I assumed it was just my heart acting up again.  I’ve had arrhythmias in the past (and had catheter ablation surgery for it), so I worried that I’d have to have that again.  It finally got bad enough that I went to the doctor for the first time in nine years.  They did find heart irregularities (mostly related to sleep apnea) for which they gave me medicine, but they found something else, too.

They found breast cancer.  Invasive lobular carcinoma, in fact.  Unfortunately, lobular is a sneaky kind of cancer—it tends to not show up on mammograms.  Mine didn’t.  It showed on ultrasound just enough to do the biopsy. Next week, I’ll have a breast MRI (which is the most definitive imaging technique for invasive lobular carcinoma) to see if it’s also in the other breast (which loblular often tends to be).  This will help me decide what kind of treatment to have.  I have hard choices ahead.  Surgery is a certainty—either lumpectomy with radiation or a mastectomy, depending on what the MRI shows.

Initially (in fact, right up to this very moment ) I wasn’t going to share this on my blog.  I honestly felt I couldn’t bear to write about yet another crisis in our life.  After a while, you start to feel like a freak—like there must be something seriously wrong with someone who has such bad luck, and you feel something close to shame.  So you withdraw—at a time that you most need a loving hand to hold.  I’ve told very few people so far—mostly those I’ve known for years, whom I trust to love me no matter what.  I’m afraid I have no words of wisdom or inspiration right now.  I’m all spent.  Truthfully, I’m posting because I want to sincerely ask for your prayers.  Or if you aren’t the praying type, your very best thoughts.  I think I’ve never been in more need of it.

It’s funny that I say that because I’ve never felt more angry at God than I do now.  There, I’ve said it.  Might as well–He knows it anyway.  And I can’t seem to pray for myself.  I can pray—easily—for others (and I do).  But not for me.  Every time I try, I start crying and can’t stop.  But, despite my anger (which, in part, is born of faith—how could you be angry at someone you don’t believe exists?), I still believe in prayer.
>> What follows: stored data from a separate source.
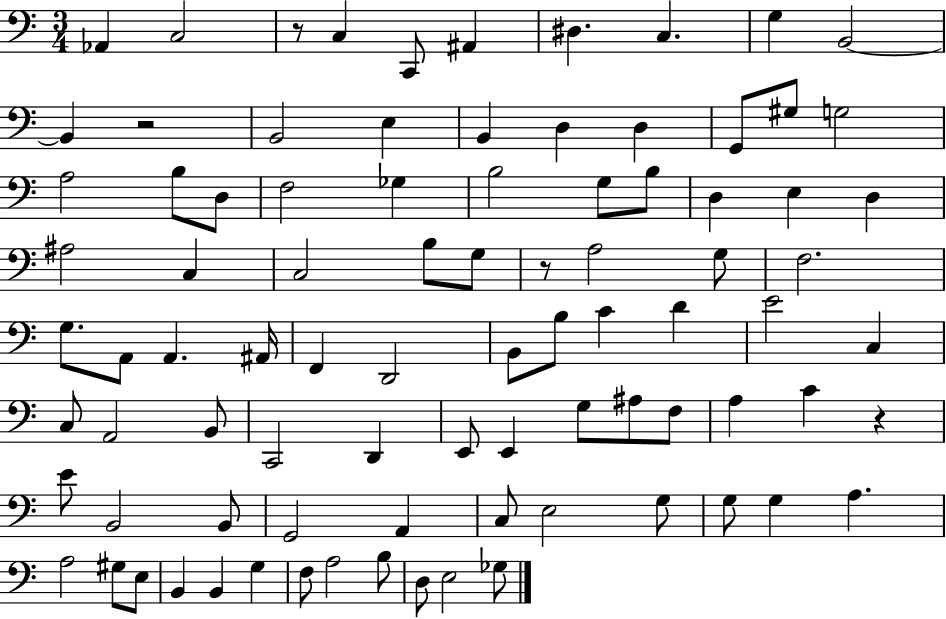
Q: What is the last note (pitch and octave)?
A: Gb3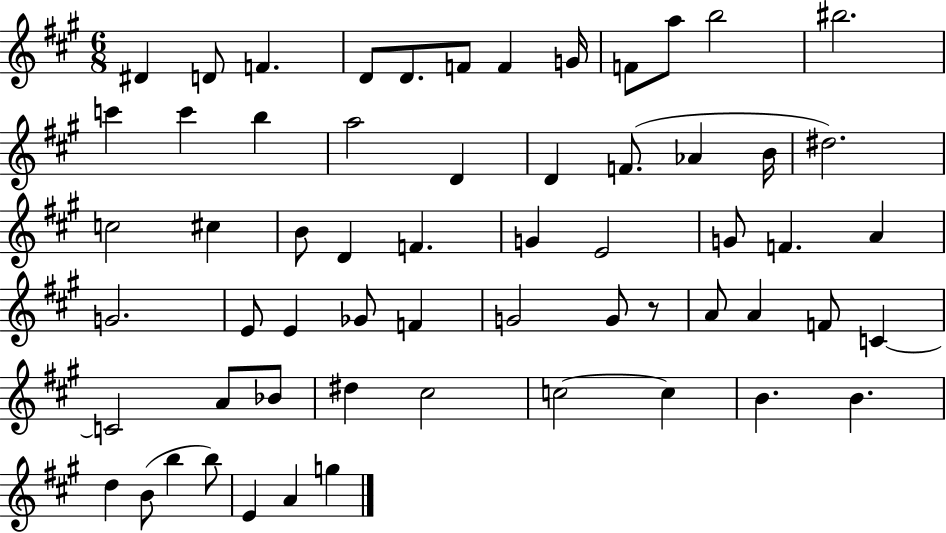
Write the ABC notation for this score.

X:1
T:Untitled
M:6/8
L:1/4
K:A
^D D/2 F D/2 D/2 F/2 F G/4 F/2 a/2 b2 ^b2 c' c' b a2 D D F/2 _A B/4 ^d2 c2 ^c B/2 D F G E2 G/2 F A G2 E/2 E _G/2 F G2 G/2 z/2 A/2 A F/2 C C2 A/2 _B/2 ^d ^c2 c2 c B B d B/2 b b/2 E A g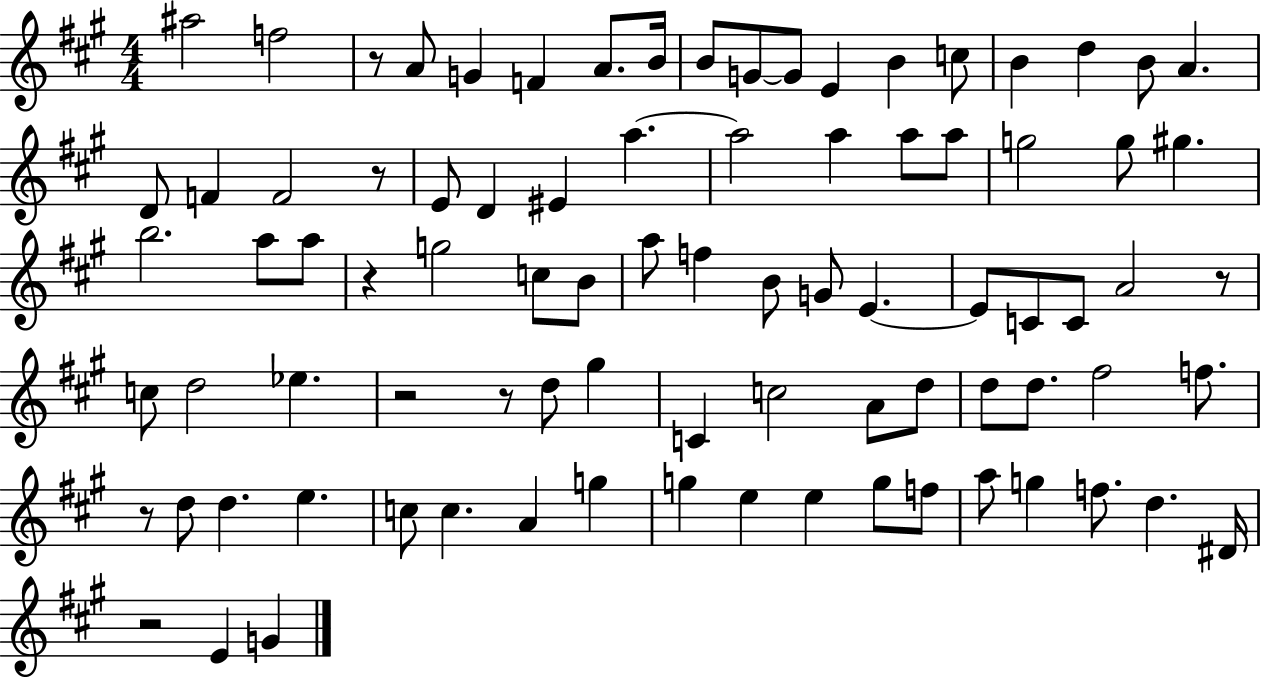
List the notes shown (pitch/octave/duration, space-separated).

A#5/h F5/h R/e A4/e G4/q F4/q A4/e. B4/s B4/e G4/e G4/e E4/q B4/q C5/e B4/q D5/q B4/e A4/q. D4/e F4/q F4/h R/e E4/e D4/q EIS4/q A5/q. A5/h A5/q A5/e A5/e G5/h G5/e G#5/q. B5/h. A5/e A5/e R/q G5/h C5/e B4/e A5/e F5/q B4/e G4/e E4/q. E4/e C4/e C4/e A4/h R/e C5/e D5/h Eb5/q. R/h R/e D5/e G#5/q C4/q C5/h A4/e D5/e D5/e D5/e. F#5/h F5/e. R/e D5/e D5/q. E5/q. C5/e C5/q. A4/q G5/q G5/q E5/q E5/q G5/e F5/e A5/e G5/q F5/e. D5/q. D#4/s R/h E4/q G4/q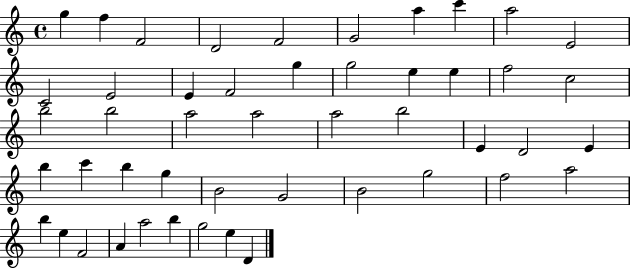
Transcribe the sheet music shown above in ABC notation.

X:1
T:Untitled
M:4/4
L:1/4
K:C
g f F2 D2 F2 G2 a c' a2 E2 C2 E2 E F2 g g2 e e f2 c2 b2 b2 a2 a2 a2 b2 E D2 E b c' b g B2 G2 B2 g2 f2 a2 b e F2 A a2 b g2 e D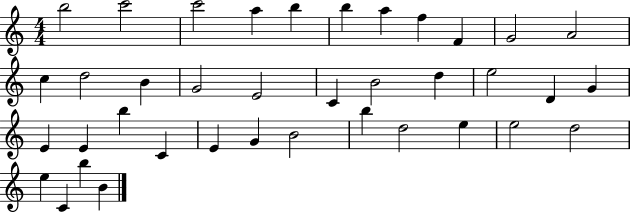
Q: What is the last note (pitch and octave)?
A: B4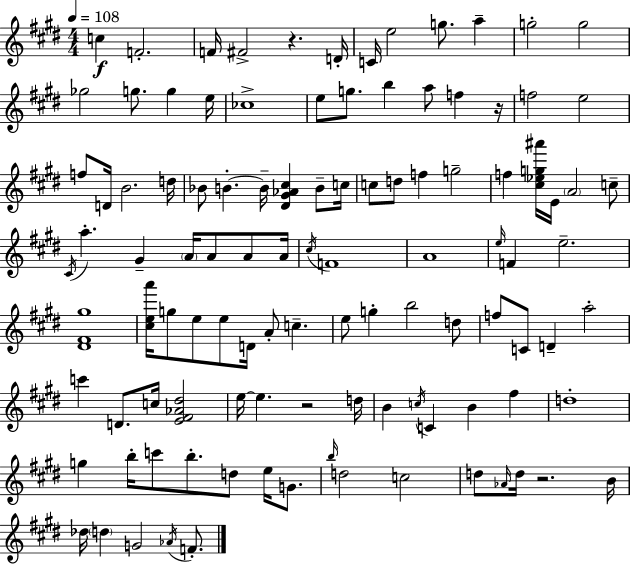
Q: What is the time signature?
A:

And yes, yes, of course I know I should be thankful for all the good in my life.  Trust me—I am.  I’m human, so as humans, we’re subject to crazy, conflicting feelings.  “What the heck, God??” can co-exist with “Thank you, God.”   So along with my screaming “Why?” I whisper, “Thank you.”  Many times a day.  In fact, just now a mockingbird, still young and breast-speckled, landed in the shrub next to the window, looked in at me, and cocked his head.  He looked so comical, I laughed out loud.  And said, “Thank you.”

I don’t know when I’ll write again.  After the MRI, when they’ve gotten a better look under the hood, I expect things to start moving pretty fast.  So if you write me, and I don’t write you back, please don’t think I don’t appreciate it.  It’s just that now, I’m trying to stuff my addled head with enough information about breast cancer treatment to make an informed decision about my own care.  There’s a lot to read, and it’s hard reading.  Not only because it’s full of medical terminology that makes my head spin, but because the stories that so many brave ladies tell on the Breast Cancer Discussion Boards break my heart.

So, if you’ve read this far, I thank you for not turning away.  And I’m grateful for every single good thought and prayer for me you send into the firmament.  I can’t seem to bring myself to plead my cause with God, so I need you to do it for me. Please.  I’ll take all I can get—greedy supplicant that I am. And I thank you with all my heart.